(Bloomberg) -- Traders upped bearish yen positions to a record high in the days ahead of the Bank of Japan’s policy meeting, as a weakening currency fueled intervention risks. 

Combined bets by hedge funds and asset managers on yen weakness climbed to 184,180 contracts in the week through Tuesday, April 23, surpassing the record net short position set the week prior, according to Commodity Futures Trading Commission data going back to 2006. 

Holders of yen shorts were rewarded Friday as the Japanese currency sank 1.4% to a fresh, 34-year low 157.88 per dollar on Friday. The retreat came after the Bank of Japan held monetary policy steady at the conclusion of its meeting, disappointing traders hoping for hawkish signals from Governor Kazuo Ueda, and after a reading of underlying US inflation data matched expectations. 

Read more: Yen Drops Beyond 157 Per Dollar as BOJ Keeps Key Rate Unchanged

The yen’s weakness so far this year has raised the risk that officials may soon step in to the market to stop the selloff. The currency has lost more than 10% of its value versus the greenback this year, the worst performer among Group-of-10 peers.

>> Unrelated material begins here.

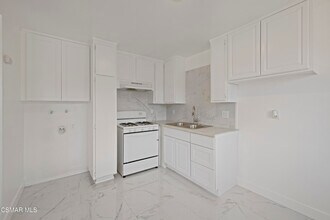 1725 Court St in Los Angeles, CA - Building Photo - Building Photo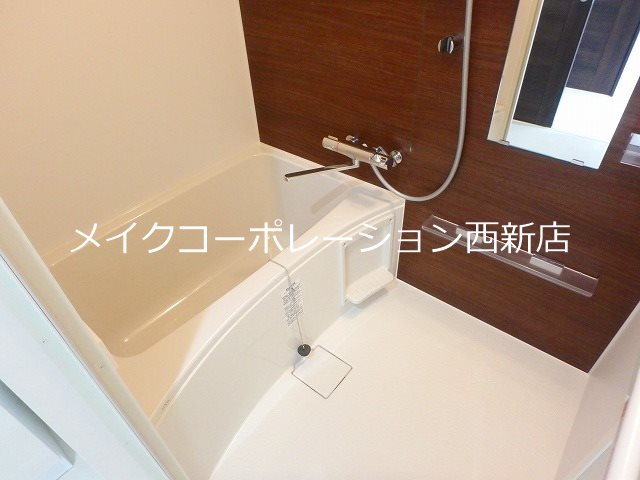 バス LIBTH姪浜 風呂画像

Driving the depreciation is the yawning gap between the interest rates in the US — which are at highest in decades after the Fed’s aggressive tightening cycle — and those in Japan, where borrowing costs remain stubbornly low near zero. 

“The lack of meaningful change sends a clear message – the BOJ’s reaction function is not as sensitive to the FX rate as market participants believed, at least not at current levels,” wrote NatWest currency strategists Brian Daingerfield and Antony George in a Friday note, following the Bank of Japan’s meeting and before the release of the CFTC data.

On the other hand, “the clearest factor pushing for intervention is positioning and momentum,” they said.

Read more: Why the Yen Is So Weak and What That Means for Japan: QuickTake

(Corrects to indicate actual number of contracts in second paragraph.)